▸ **ABOUT THIS EXERCISE**: Copy out all of the data word for word. Omit every picture.

▸ **SUPPLIED INFORMATION**:
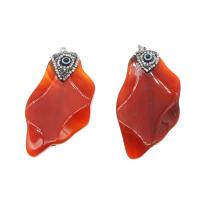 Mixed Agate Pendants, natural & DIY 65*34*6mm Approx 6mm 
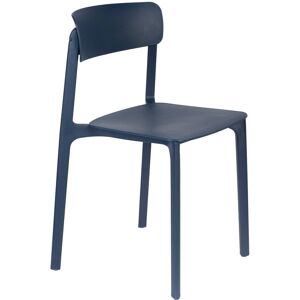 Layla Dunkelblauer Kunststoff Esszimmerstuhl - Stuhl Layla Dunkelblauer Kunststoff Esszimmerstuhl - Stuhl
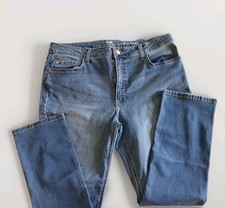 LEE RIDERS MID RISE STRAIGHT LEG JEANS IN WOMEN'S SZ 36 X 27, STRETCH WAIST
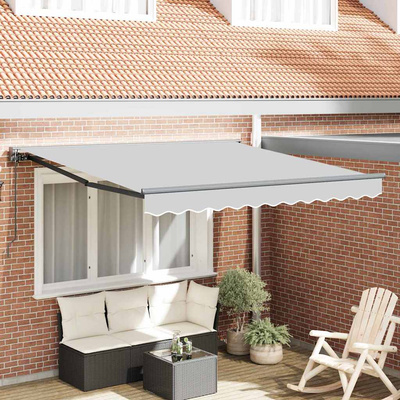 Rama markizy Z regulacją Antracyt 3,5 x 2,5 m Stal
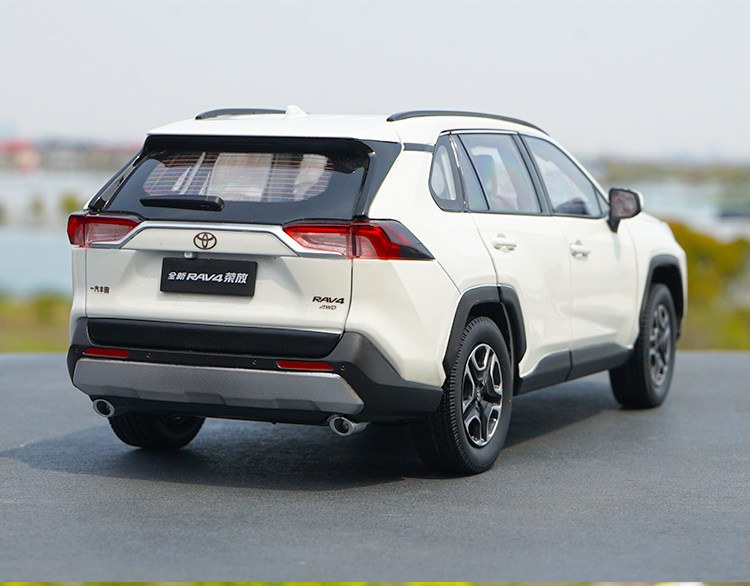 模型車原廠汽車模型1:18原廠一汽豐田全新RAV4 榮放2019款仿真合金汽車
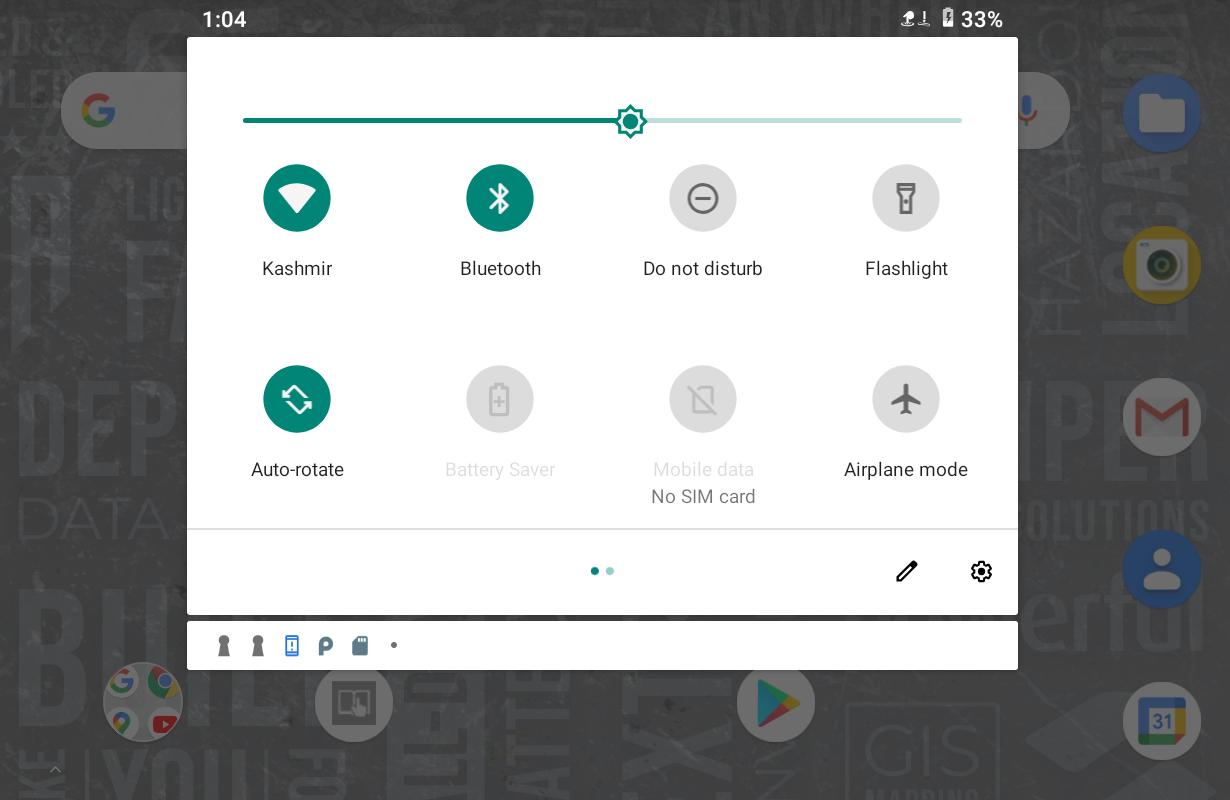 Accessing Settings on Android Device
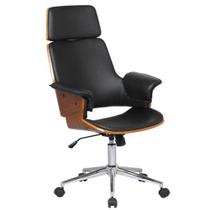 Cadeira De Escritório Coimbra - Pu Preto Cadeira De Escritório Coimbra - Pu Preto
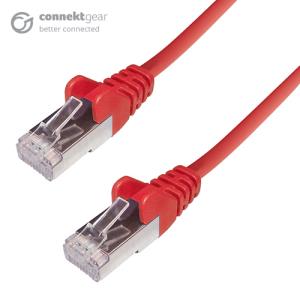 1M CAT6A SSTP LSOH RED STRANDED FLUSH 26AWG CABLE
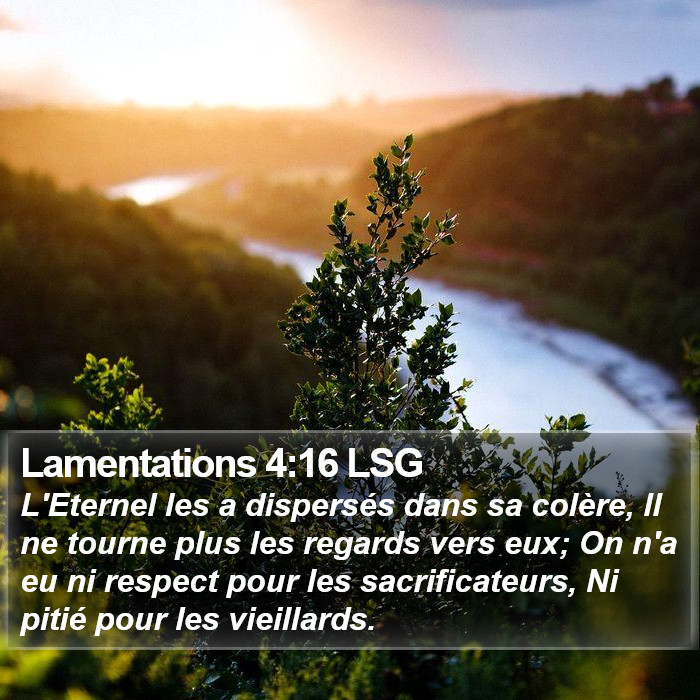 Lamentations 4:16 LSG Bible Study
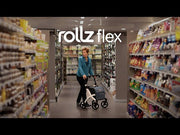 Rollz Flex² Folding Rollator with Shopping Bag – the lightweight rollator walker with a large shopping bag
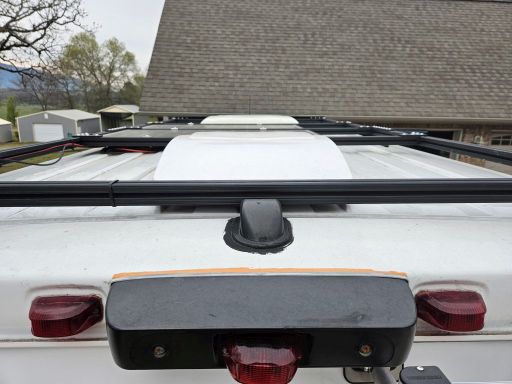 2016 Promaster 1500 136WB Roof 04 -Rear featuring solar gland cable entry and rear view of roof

▸ **EXPECTED ANSWER**:
 Mixed Agate Pendants, natural & DIY 65*34*6mm Approx 6mm 
 Layla Dunkelblauer Kunststoff Esszimmerstuhl - Stuhl Layla Dunkelblauer Kunststoff Esszimmerstuhl - Stuhl
 LEE RIDERS MID RISE STRAIGHT LEG JEANS IN WOMEN'S SZ 36 X 27, STRETCH WAIST
 Rama markizy Z regulacją Antracyt 3,5 x 2,5 m Stal
 模型車原廠汽車模型1:18原廠一汽豐田全新RAV4 榮放2019款仿真合金汽車
 Accessing Settings on Android Device
 Cadeira De Escritório Coimbra - Pu Preto Cadeira De Escritório Coimbra - Pu Preto
 1M CAT6A SSTP LSOH RED STRANDED FLUSH 26AWG CABLE
 Lamentations 4:16 LSG Bible Study
 Rollz Flex² Folding Rollator with Shopping Bag – the lightweight rollator walker with a large shopping bag
 2016 Promaster 1500 136WB Roof 04 -Rear featuring solar gland cable entry and rear view of roof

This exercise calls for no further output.